Among the overall study population who received the Omicron BA.4/BA.5-adapted bivalent vaccine, there was a substantially higher increase in Omicron BA.4/BA.5-neutralizing antibody titers compared to pre-booster levels. For individuals 18 to 55 years of age, the geometric mean titer (GMT) against Omicron BA.4/BA.5 was 606, representing a 9.5-fold rise (95% CI: 6.7, 13.6) from pre-booster levels. For individuals older than 55 years, the GMT was 896, representing a 13.2-fold rise (95% CI: 8.0, 21.6) from pre-booster levels. By contrast, participants over 55 years of age who received a 30-µg booster dose of the companies’ original COVID-19 vaccine had a lower neutralizing antibody response against Omicron BA.4/BA.5 measured one month post booster. For these participants, the GMT was 236, representing a 2.9-fold rise (95% CI: 2.1, 3.9). Therefore, the Omicron BA.4/BA.5 neutralizing antibody titers were approximately 4-fold higher for the bivalent vaccine compared to the companies’ original Covid-19 vaccine in individuals over 55 years of age.

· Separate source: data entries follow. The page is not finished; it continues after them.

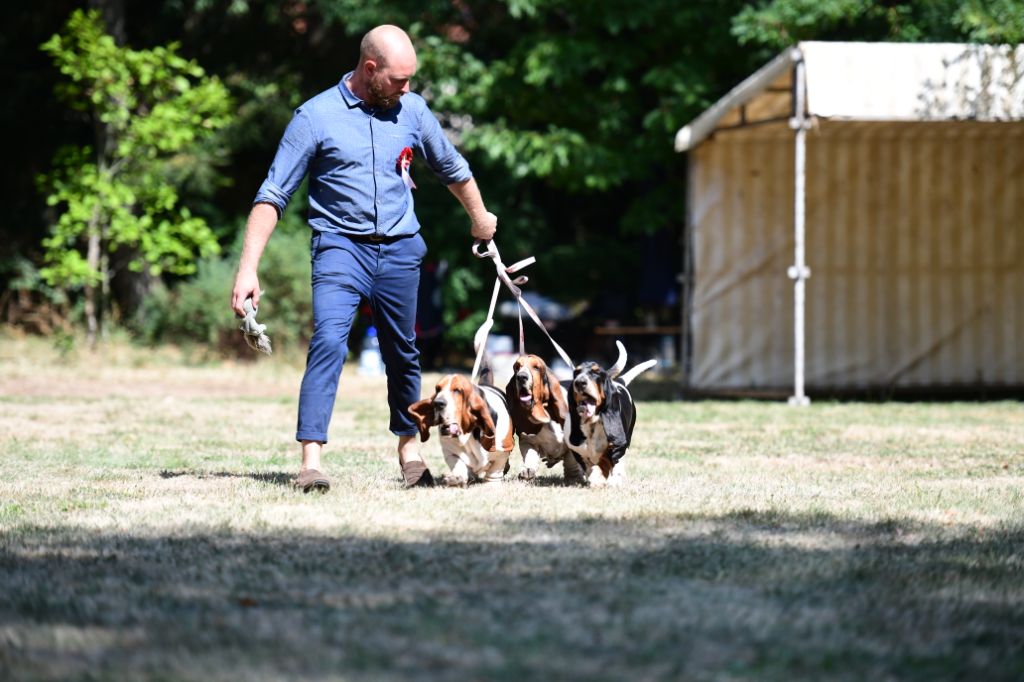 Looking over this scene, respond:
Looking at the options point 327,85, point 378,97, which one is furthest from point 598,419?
point 327,85

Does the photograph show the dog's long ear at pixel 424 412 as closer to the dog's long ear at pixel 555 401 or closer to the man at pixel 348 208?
the man at pixel 348 208

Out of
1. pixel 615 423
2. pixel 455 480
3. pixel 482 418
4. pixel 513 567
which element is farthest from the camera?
pixel 455 480

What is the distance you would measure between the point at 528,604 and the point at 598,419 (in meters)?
2.47

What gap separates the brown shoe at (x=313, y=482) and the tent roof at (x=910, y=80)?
7.09m

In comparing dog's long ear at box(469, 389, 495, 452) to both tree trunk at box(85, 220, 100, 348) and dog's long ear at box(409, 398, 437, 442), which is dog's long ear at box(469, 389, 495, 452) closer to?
dog's long ear at box(409, 398, 437, 442)

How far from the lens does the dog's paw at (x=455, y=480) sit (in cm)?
677

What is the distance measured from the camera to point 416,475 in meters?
6.91

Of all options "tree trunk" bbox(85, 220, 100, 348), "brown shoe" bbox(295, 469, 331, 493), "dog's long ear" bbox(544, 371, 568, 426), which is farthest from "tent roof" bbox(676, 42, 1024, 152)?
"tree trunk" bbox(85, 220, 100, 348)

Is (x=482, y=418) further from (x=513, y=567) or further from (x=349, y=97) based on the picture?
(x=513, y=567)

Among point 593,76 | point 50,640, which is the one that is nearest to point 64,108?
point 593,76

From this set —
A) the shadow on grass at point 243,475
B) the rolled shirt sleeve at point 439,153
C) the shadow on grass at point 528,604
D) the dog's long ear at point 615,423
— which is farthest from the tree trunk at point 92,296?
the shadow on grass at point 528,604

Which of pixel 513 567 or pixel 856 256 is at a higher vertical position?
pixel 856 256

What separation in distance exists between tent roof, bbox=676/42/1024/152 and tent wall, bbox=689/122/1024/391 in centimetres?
169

Further, when examining those with or without evidence of prior SARS-CoV-2 infection who received a booster dose of the bivalent vaccine, there was a significant increase in neutralizing antibodies against Omicron BA.4/BA.5 in both groups, which was greater in those without prior infection. These data highlight the potential benefit of the bivalent vaccine for all populations regardless of previous SARS-CoV-2 infection. The safety profile remains favorable for the bivalent vaccine and consistent with the original vaccine.

Pfizer and BioNTech have shared these data with the U.S. Food and Drug Administration (FDA) and plan to share with the European Medicines Agency (EMA) and other global health authorities as soon as possible. A booster dose of the BA.4/BA.5-adapted bivalent vaccine has been authorized for emergency use by the FDA for ages 5 years and older and has also been granted marketing authorization in the EU by the European Commission following a positive opinion from the EMA for ages 12 years and older. An application for marketing authorization of the BA.4/BA.5 booster has been submitted to the EMA for children ages 5 through 11.

Separately, Pfizer and BioNTech are continuing to monitor immunogenicity of the BA.4/BA.5 bivalent booster against emerging Omicron subvariants. The companies also initiated a Phase 1/2/3 trial in September 2022, in September 2022, to evaluate the safety, tolerability and immunogenicity of different doses and dosing regimens of the companies’ Omicron BA.4/BA.5-adapted bivalent vaccine among children 6 months through 11 years of age.

The Pfizer-BioNTech COVID-19 Vaccines (COMIRNATY®), which are based on BioNTech’s proprietary mRNA technology, were developed by both BioNTech and Pfizer. BioNTech is the Marketing Authorization Holder for BNT162b2 Wild Type and BNT162b2 Bivalent (WT/OMI BA.4/BA.5) in the United States, the European Union, the United Kingdom, Canada and other countries, and the holder of emergency use authorizations or equivalents in the United States (jointly with Pfizer) and other countries. Submissions to pursue regulatory approvals in those countries where emergency use authorizations or equivalent were initially granted are planned.